[Directions for this task]: In the records below, the line that contains "UNITED STATES OF" marks the start. Copy it and each line after it through the end, exactly, without pictures.

═══ Records supplied ═══

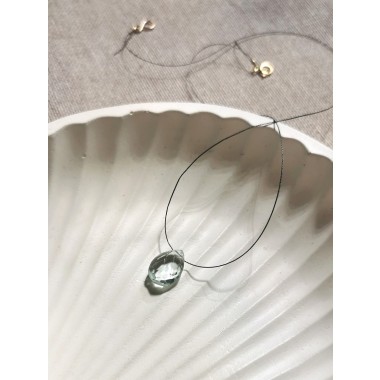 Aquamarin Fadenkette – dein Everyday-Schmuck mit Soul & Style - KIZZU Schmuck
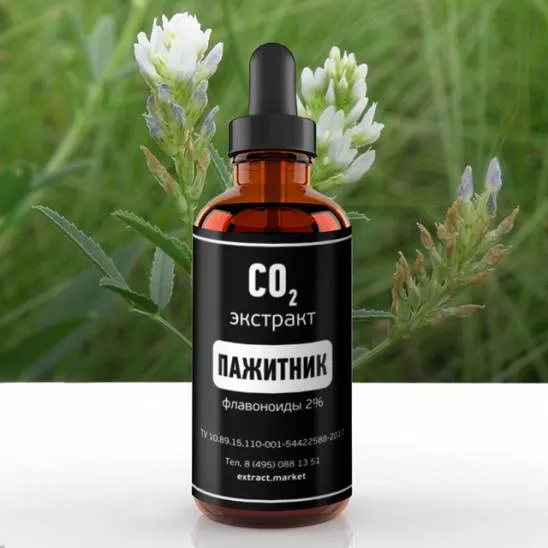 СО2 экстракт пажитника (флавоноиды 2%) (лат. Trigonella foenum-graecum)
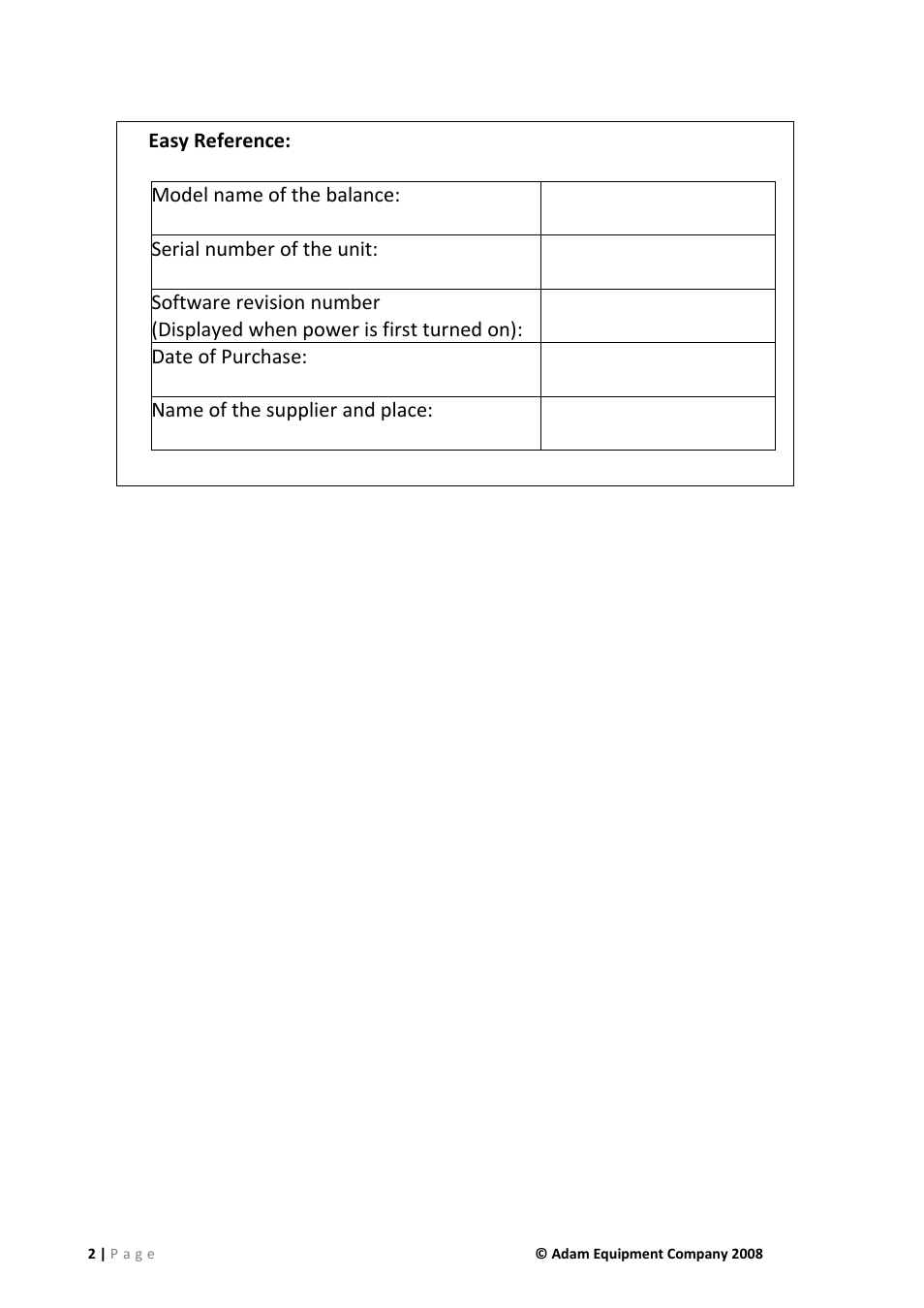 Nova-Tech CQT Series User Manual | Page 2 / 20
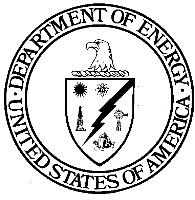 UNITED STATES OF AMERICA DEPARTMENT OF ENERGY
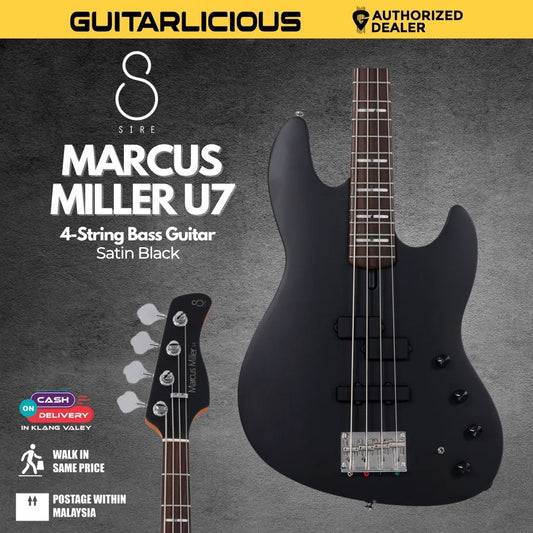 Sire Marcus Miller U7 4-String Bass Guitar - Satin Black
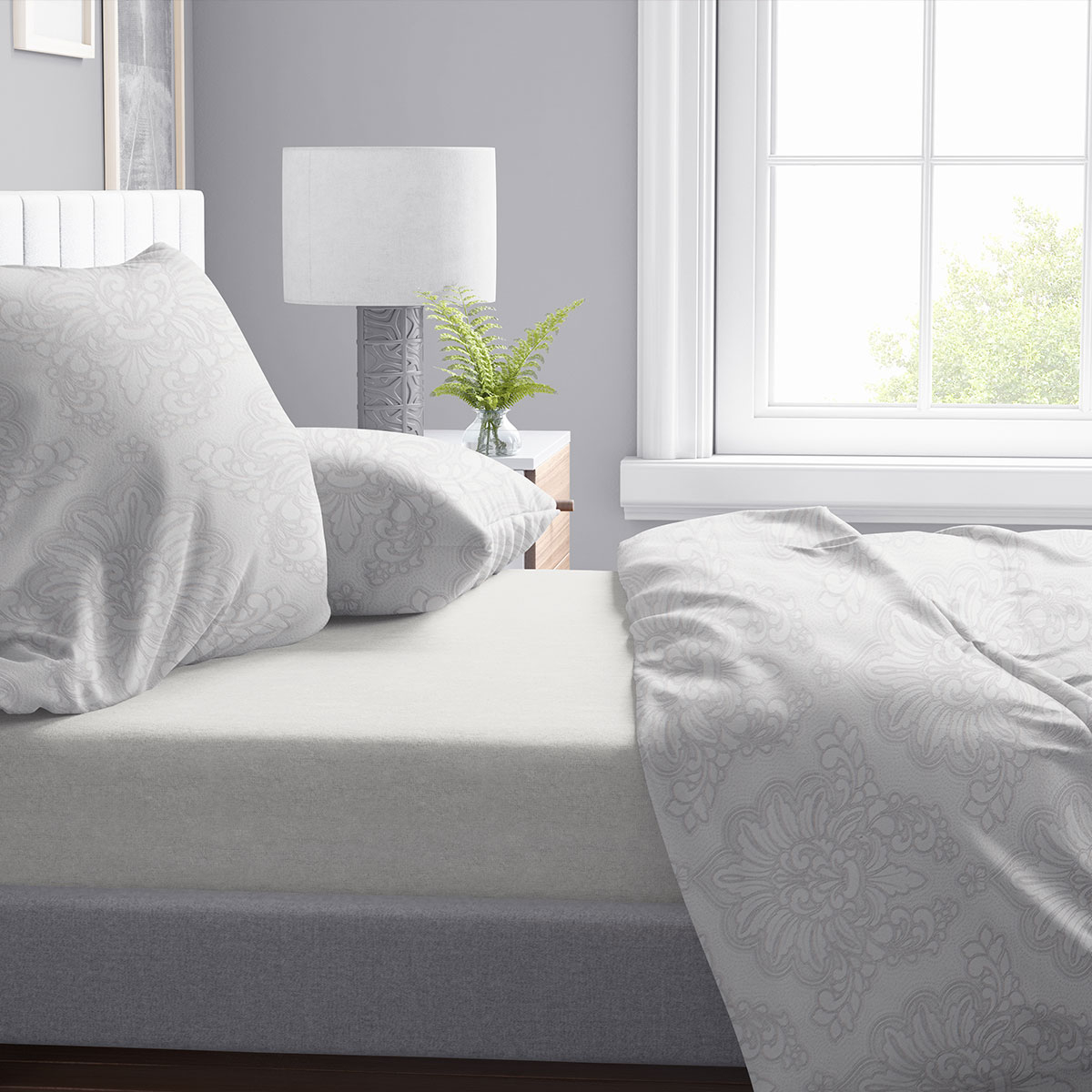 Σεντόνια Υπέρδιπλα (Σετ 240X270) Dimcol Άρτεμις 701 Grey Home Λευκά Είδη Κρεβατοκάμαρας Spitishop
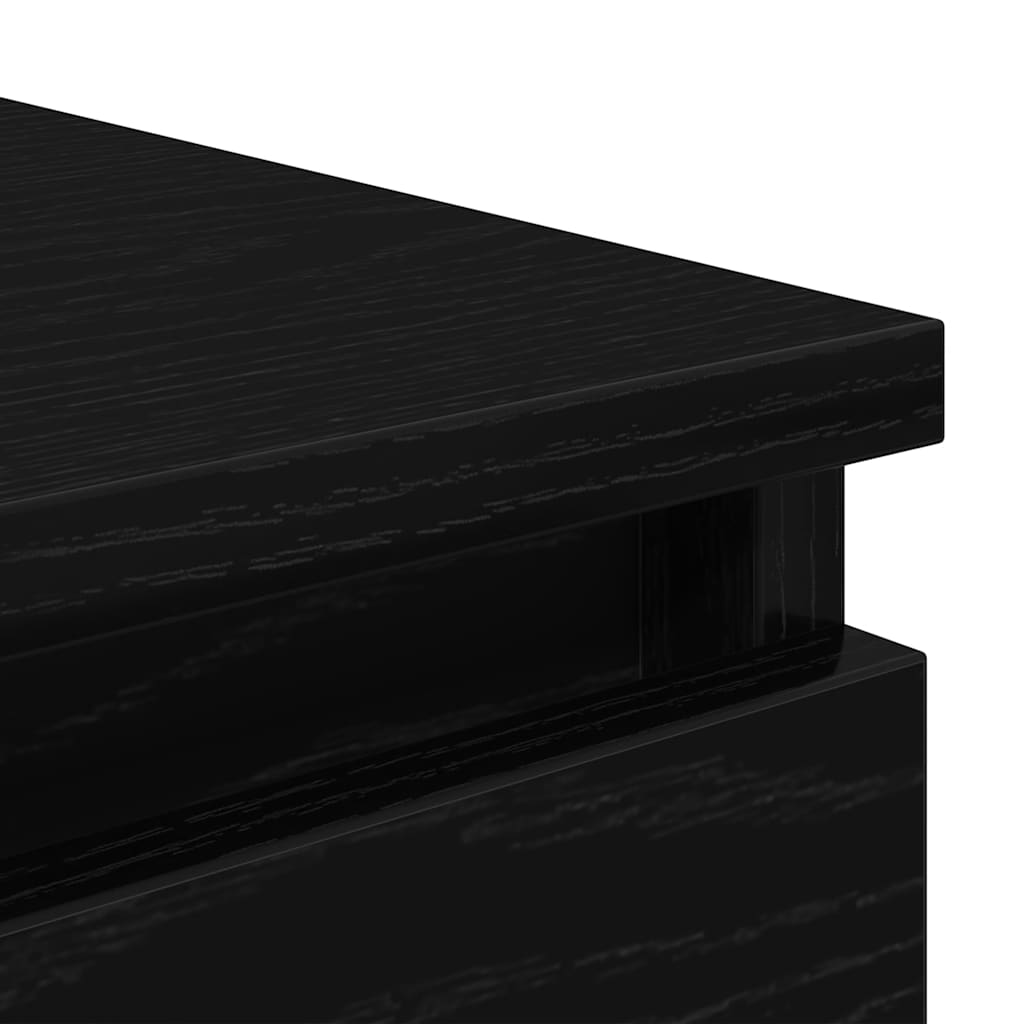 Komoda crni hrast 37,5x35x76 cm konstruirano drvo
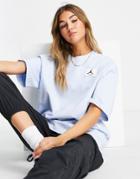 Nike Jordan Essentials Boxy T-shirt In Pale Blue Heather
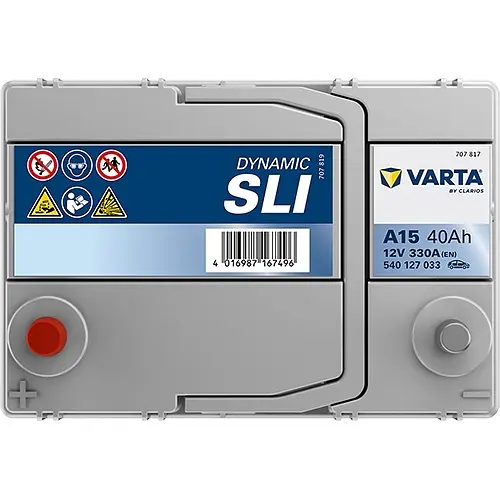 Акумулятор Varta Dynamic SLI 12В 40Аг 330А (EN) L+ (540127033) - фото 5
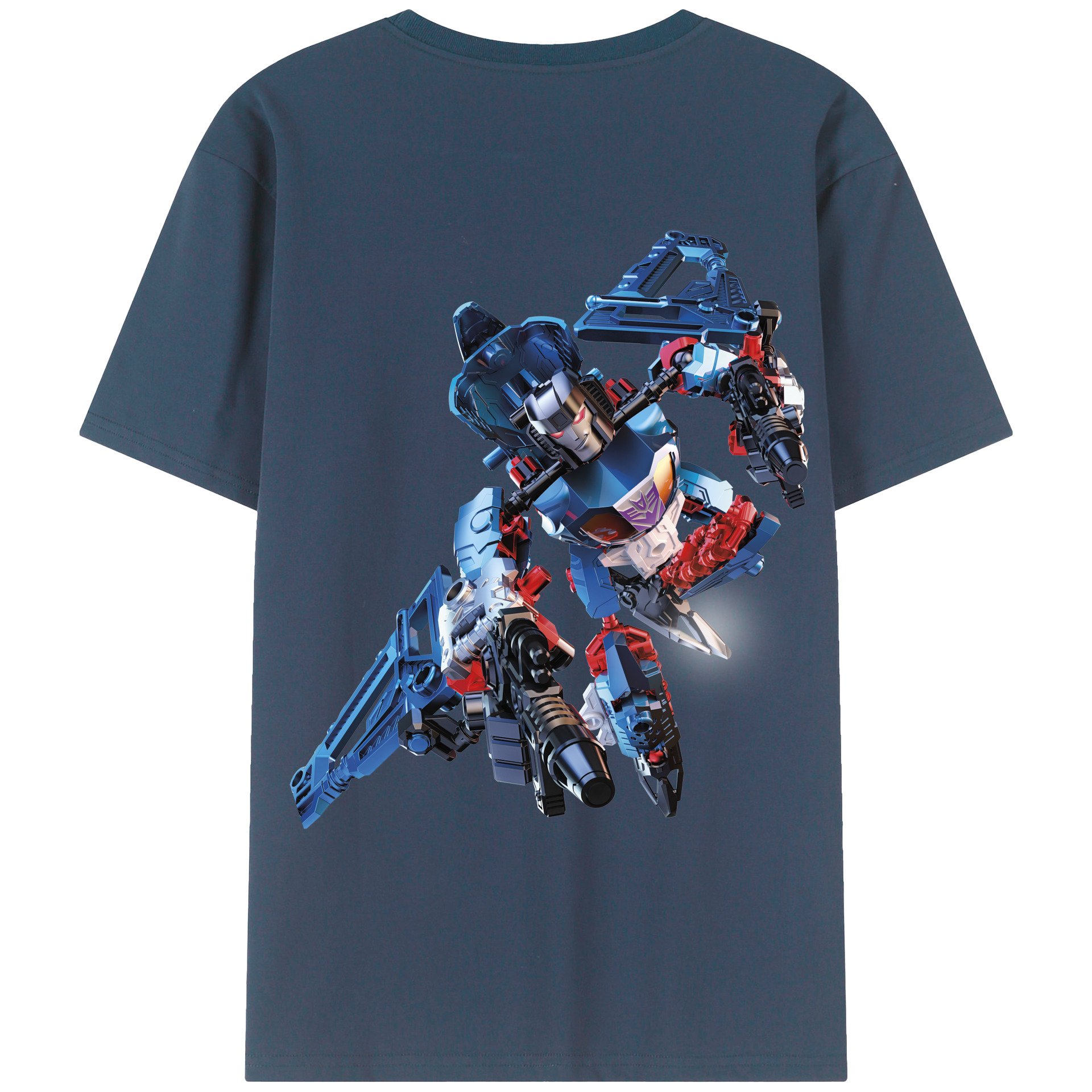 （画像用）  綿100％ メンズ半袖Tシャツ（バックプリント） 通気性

═══

[The answer]:
 UNITED STATES OF AMERICA DEPARTMENT OF ENERGY
 Sire Marcus Miller U7 4-String Bass Guitar - Satin Black
 Σεντόνια Υπέρδιπλα (Σετ 240X270) Dimcol Άρτεμις 701 Grey Home Λευκά Είδη Κρεβατοκάμαρας Spitishop
 Komoda crni hrast 37,5x35x76 cm konstruirano drvo
 Nike Jordan Essentials Boxy T-shirt In Pale Blue Heather
 Акумулятор Varta Dynamic SLI 12В 40Аг 330А (EN) L+ (540127033) - фото 5
 （画像用）  綿100％ メンズ半袖Tシャツ（バックプリント） 通気性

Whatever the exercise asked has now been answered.